Captive audiences
Volokh, Eugene
VOLOKH at mail.law.ucla.edu
Thu Feb 10 12:21:27 PST 2000
I agree with Marc that the government probably has broad -- though
not unlimited -- power to prevent speakers in *nonpublic fora* from imposing
on a captive audience (see, e.g., Lehman); this is of course the situation
here.
But it does not have such power to restrict speech by speakers on
private property, or in traditional public fora, *especially* when it's
restricting such speech in content-based ways. Consider Carey v. Brown,
which struck down a content-based ban on residential picketing. Imagine
also what would have happened if the City of Shaker Heights tried to ban
political ads in *private* buses -- surely that would be unconstitutional,
no? (Note that Con Ed and Metromedia both specifically stressed that Lehman
was limited to situations where the government was exercising its power as a
landlord.)
Likewise, consider picketing. Picketing outside a business involves
a captive audience of employees, who have to pass the picket lines twice a
day, and sometimes more often, and who sometimes have to see the picket line
from their job stations. But that's constitutionally protected. Likewise,
Madsen and Schenck *upheld* the speakers' rights to picket outside abortion
clinics, even though indeed such picketing involves a sort of captivity on
the part of patients and certainly on the part of clinic employees; Madsen's
approval of the restriction on picketing within the 36 foot zone was based
not on captivity, but on the fact that prior, narrower injunctions did not
succeed in preventing picketers from scuffling and from blocking the clinic
entrance.
See generally
http://www.law.ucla.edu/faculty/volokh/harass/substanc.htm#CAPTIVE for more
details and for cites.
> -----Original Message-----
> From: MSternAJC at AOL.COM [SMTP:MSternAJC at AOL.COM]
> Sent: Thursday, February 10, 2000 10:33 AM
> To: RELIGIONLAW at listserv.ucla.edu
> Subject: Re: Laycock's post on Santa Fe
>
> Once again, I am troubled by the exclusive focus on the rights of the
> speaker.

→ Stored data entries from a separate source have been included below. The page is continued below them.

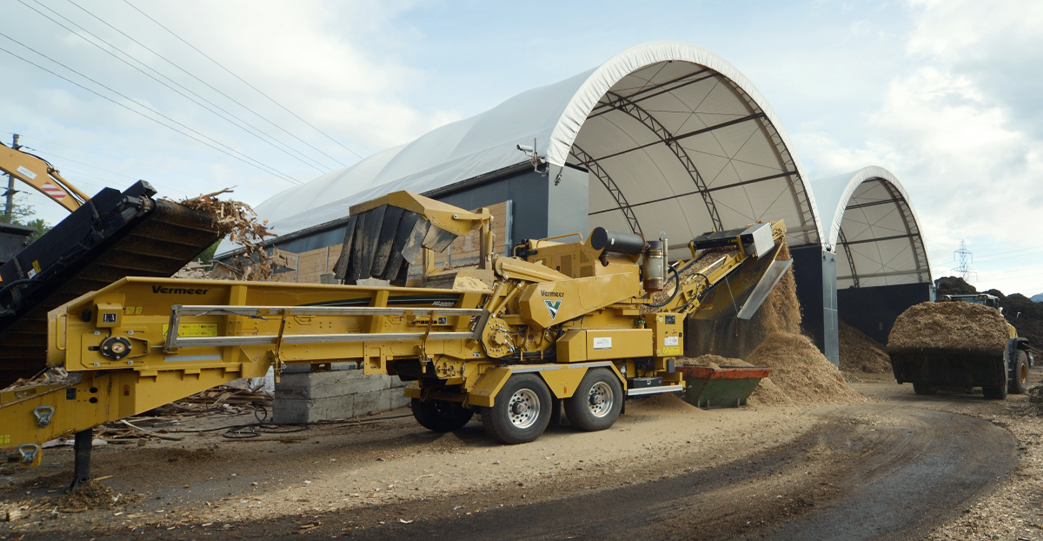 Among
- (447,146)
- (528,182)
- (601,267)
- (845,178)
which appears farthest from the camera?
(845,178)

In the ordinary public forum case the speaker seeks only to speak
> to
> those who would stop and listen. Here the school provides something of a
> captive audience (How captive of course depends on the importance of the
> event. Would those who think that the importance of the event irrelevant
> think that a school rule allowing students to vote on whether to have an
> invocation or prayer at assemblies would also be constitutional? What
> about
> in a classroom.) The Supreme Court has to the best of my knowledge never
> upheld a free speech claim as against the rights of a captive audience (as
> for example in the abortion clinic picketing cases, the seven dirty words
> case, and Shaker Heights).Some religious speech amy to fleeting to
> capture
> the audience,but that hardly seems to be the case here.